INVESTOR PLAYBOOK FROM GFF 2025
As market mavens, Fintrade Securities deciphers GFF’s alpha signals. Short-term: UPI 3.0 pilots could spike payment stocks 15-20%; GIFT City’s inflows may buoy realty-REITs, amplified by Fadnavis’s infra web. Mid-term: AI skilling hubs under IndiaAI Mission favor edtech-fintech hybrids like upGrad-Paytm tie-ups, with Malhotra’s ULI catalyzing lending plays. Long-term: The FTA corridor heralds cross-listed ADRs, diversifying beyond Nasdaq, while Goyal’s renewable push greens data portfolios.
Risks? Regulatory whiplash from Malhotra’s trust pillars and Sitharaman’s compliance call could cap rogue unicorns, but that’s net positive—fostering blue-chips. Geopolitically, Indo-UK alignment hedges US election volatilities.
Our recommendation: Overweight DPI enablers (e.g., Infosys, TCS) at 12% portfolio allocation; initiate green fintech ETFs at 8%; add 5% to MSME-focused Maharashtra funds.

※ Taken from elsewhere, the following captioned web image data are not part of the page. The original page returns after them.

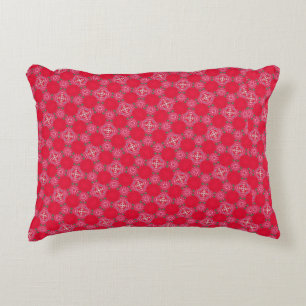 Retro-Rosa-Klee-Akzentschoner Dekokissen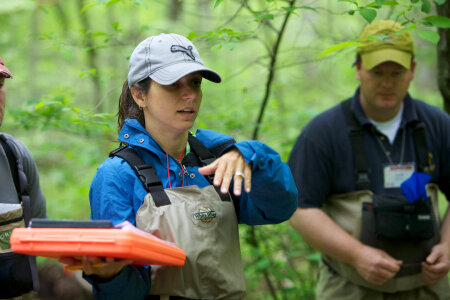 FWS employees surveying and assessing rivers and streams-3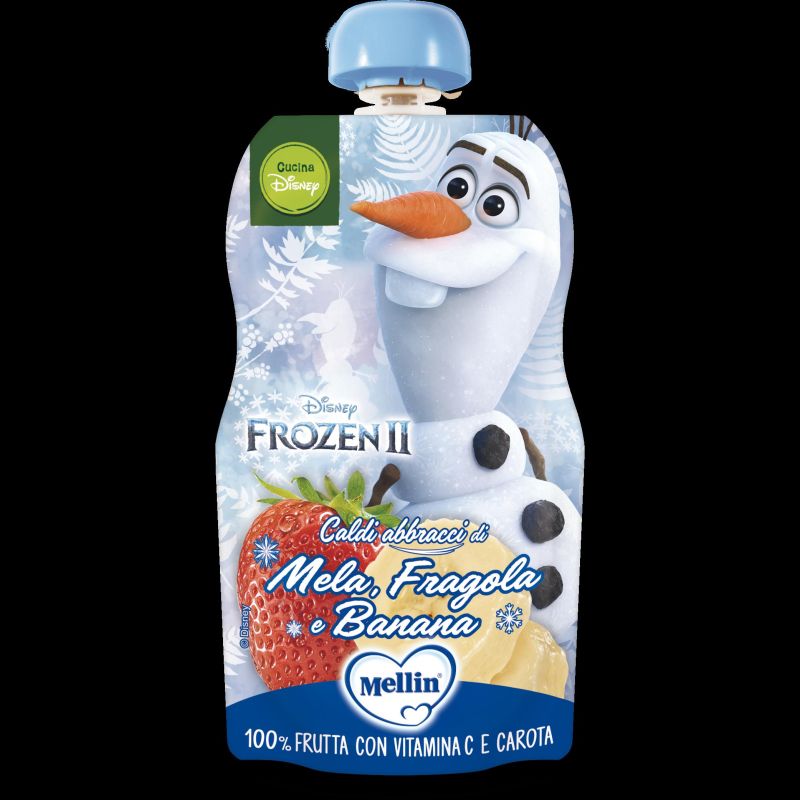 Mellin Pouch Disney - Purea di Mela, Fragola e Banana 110g
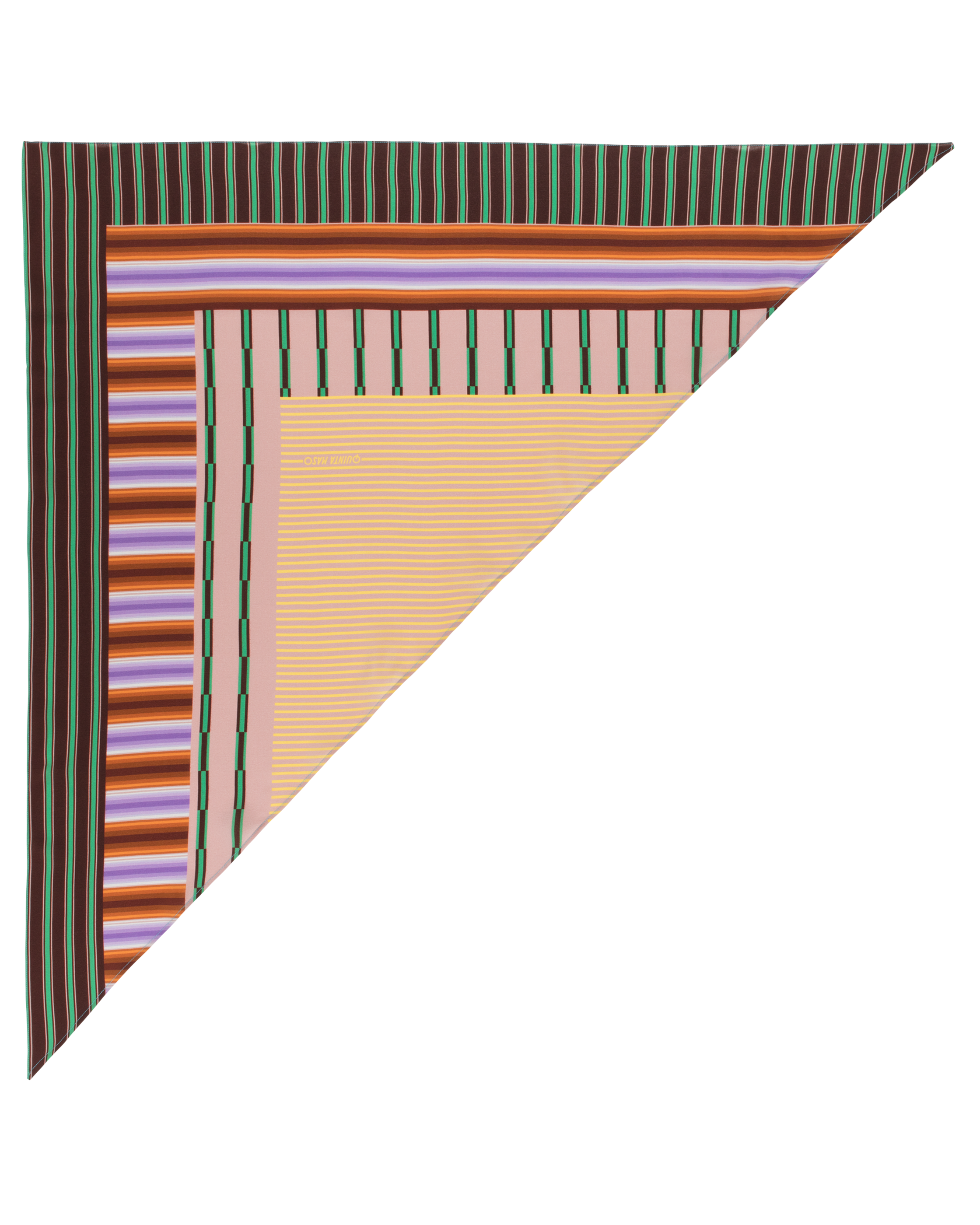 La Linea triangle silk scarf – Quinta Maso – QUINTAMASO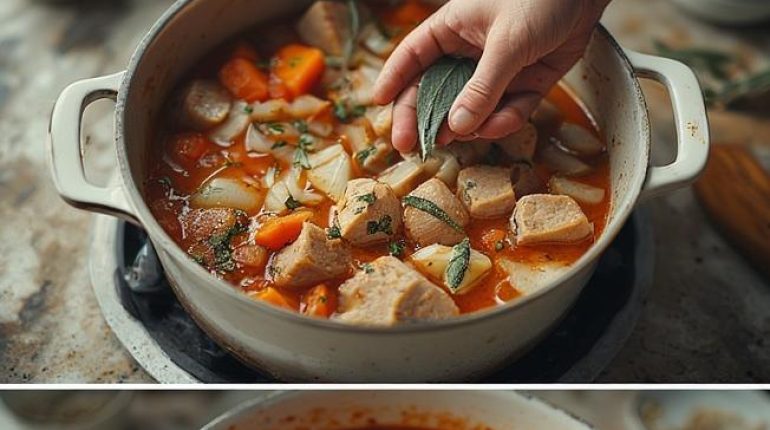 Cuisine italienne Cuisine réconfortante Plat mijoté Recette américaine Tradition culinaire Tripes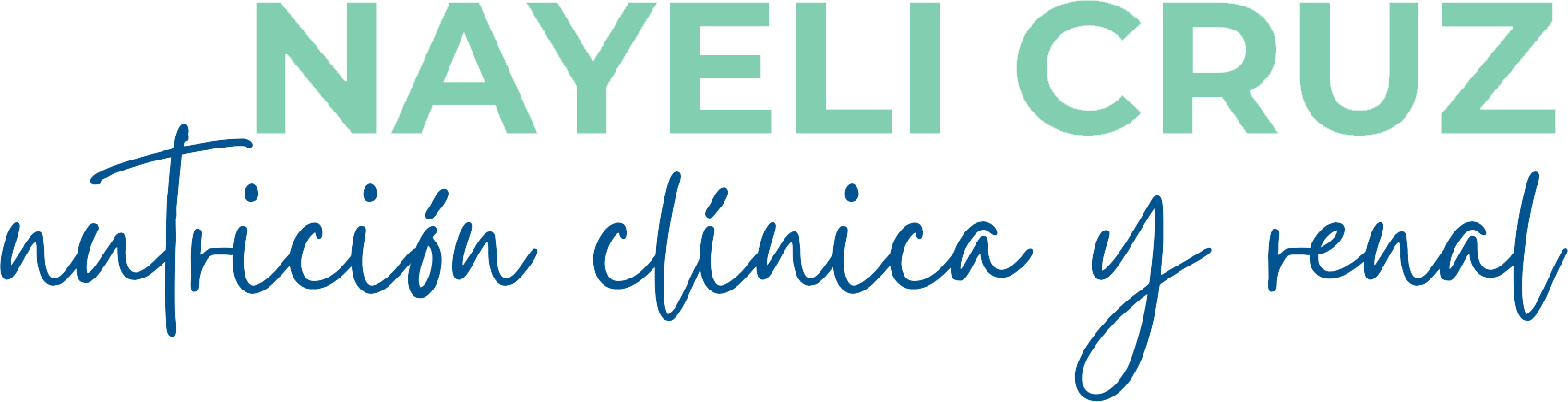 Nayeli Cruz · nutrición clínica y renal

TOWARD A FINTECH RENAISSANCE
The Global Fintech Fest 2025 wasn’t a symposium; it was a covenant. Sitharaman’s guarded optimism, Goyal’s conquest zeal, Malhotra’s trust pillars, Fadnavis’s execution drive, Modi’s inclusive fervor, and Starmer’s partnership overture converge on a vision where AI empowers, not ensnares; where borders blur for bytes, not barriers.

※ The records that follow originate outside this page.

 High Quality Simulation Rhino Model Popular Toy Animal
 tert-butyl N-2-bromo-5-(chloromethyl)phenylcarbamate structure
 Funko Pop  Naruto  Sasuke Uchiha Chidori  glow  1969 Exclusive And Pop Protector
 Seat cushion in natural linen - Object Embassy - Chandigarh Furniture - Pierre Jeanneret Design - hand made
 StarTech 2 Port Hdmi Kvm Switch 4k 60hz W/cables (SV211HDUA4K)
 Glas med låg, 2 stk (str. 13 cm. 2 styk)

From Fintrade Securities’ perch, this sextet heralds a $500 billion Indian fintech valuation by 2030, with bilateral deals accelerating 20% CAGR—and Maharashtra hitting $1T ahead of curve.
As Modi aptly concluded, “Where finance isn’t just about the numbers, but also about human progress.” Finance Minister Nirmala Sitharaman highlighted India’s balanced approach to innovation and regulation, emphasizing financial inclusion and responsible fintech growth.
Piyush Goyal spoke of India’s “huge promise” for trade and commerce, while Devendra Fadnavis underscored the transformative potential of state-backed infrastructure in enabling inclusive growth, and the UK Prime Minister acknowledged the opportunity for a “Fintech Corridor” linking London and GIFT City.
Together, these interventions were not merely speeches—they were declarations of India’s vision for a fintech era that is both inclusive and globally influential.
They positioned India not only as a domestic leader in digital finance, UPI, ONDC, and AI-driven innovation, but also as a blueprint for the world. Investors, policymakers, and innovators from across continents recognized that GFF 2025 was more than a festival—it was a global signal: India is scripting a humane, intelligent, and scalable financial ecosystem whose impact will resonate far beyond its borders, shaping the future of digital finance worldwide.